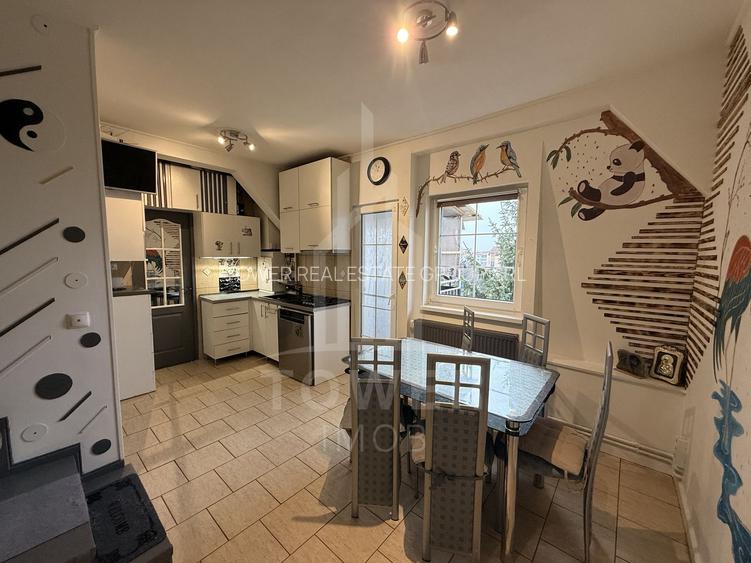 Apartament 3 camere | Mobilat | Zona Cedonia, Sibiu - 4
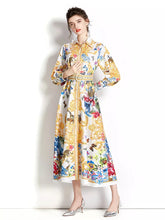 Load image into Gallery viewer, Oh Such Lush Midi Dress - comes in two colours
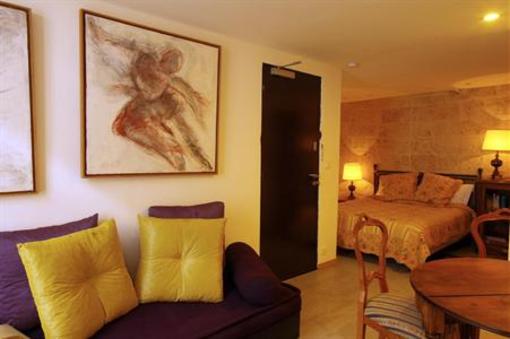 фото отеля Hostellerie Provencale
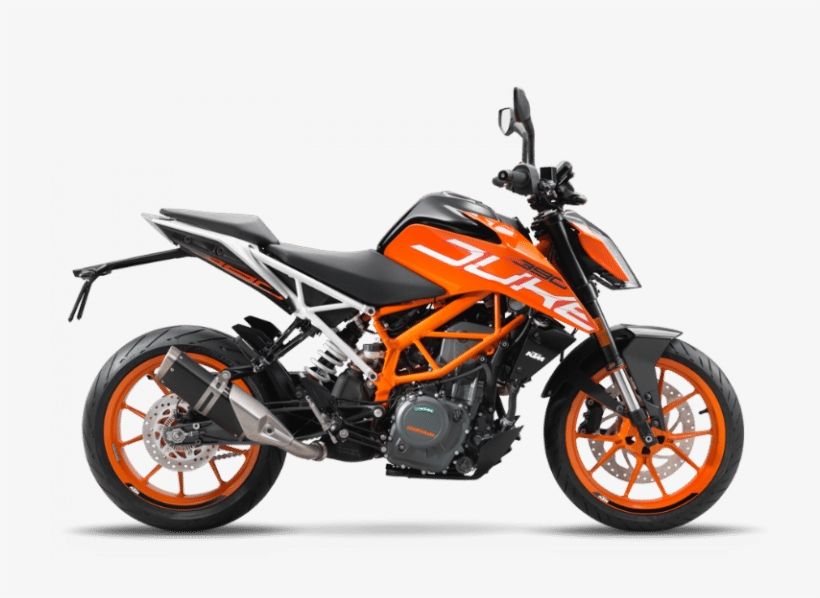 Top 5 Value For Money Bikes - Ktm Duke 390 2019, transparent png #9615710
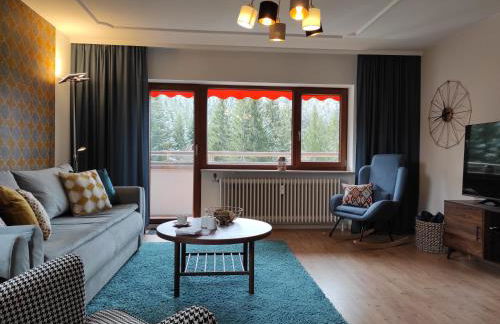 Ferienwohnung Tannenballett im Schwarzwald - Foto 4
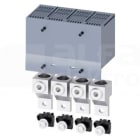 Siemens Industry - BORNE COND. ROND GROS AUX. 4 PC.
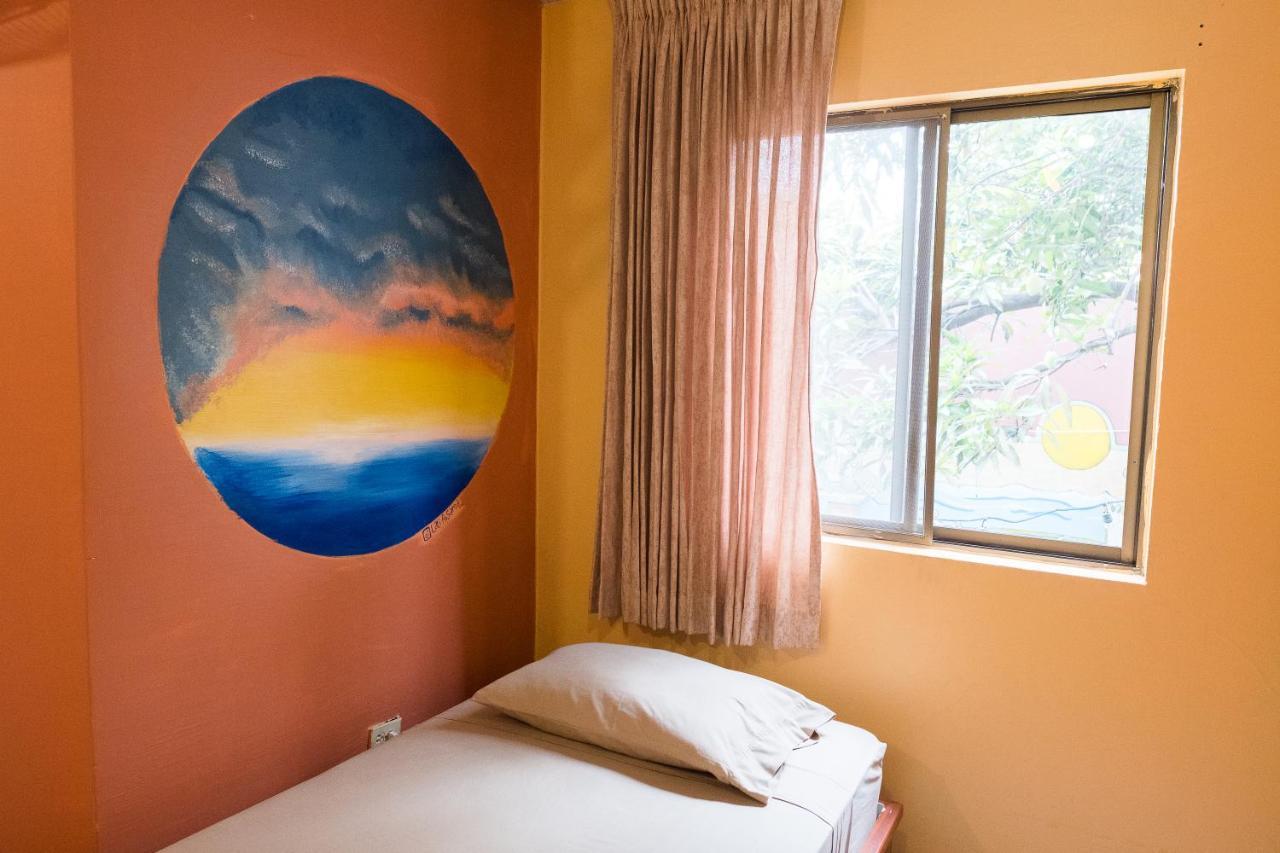 Hostel Nucapacha Guayaquil Exterior foto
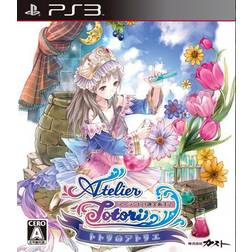 Atelier Totori: The Adventurer of Arland (PS3)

☆ ☆ ☆ ☆ ☆

Beginning with the line where "Siemens Industry - BORNE" appears, restate word for word every line down to the last one in the data, but keep the pictures out.

 Siemens Industry - BORNE COND. ROND GROS AUX. 4 PC.
 Hostel Nucapacha Guayaquil Exterior foto
 Atelier Totori: The Adventurer of Arland (PS3)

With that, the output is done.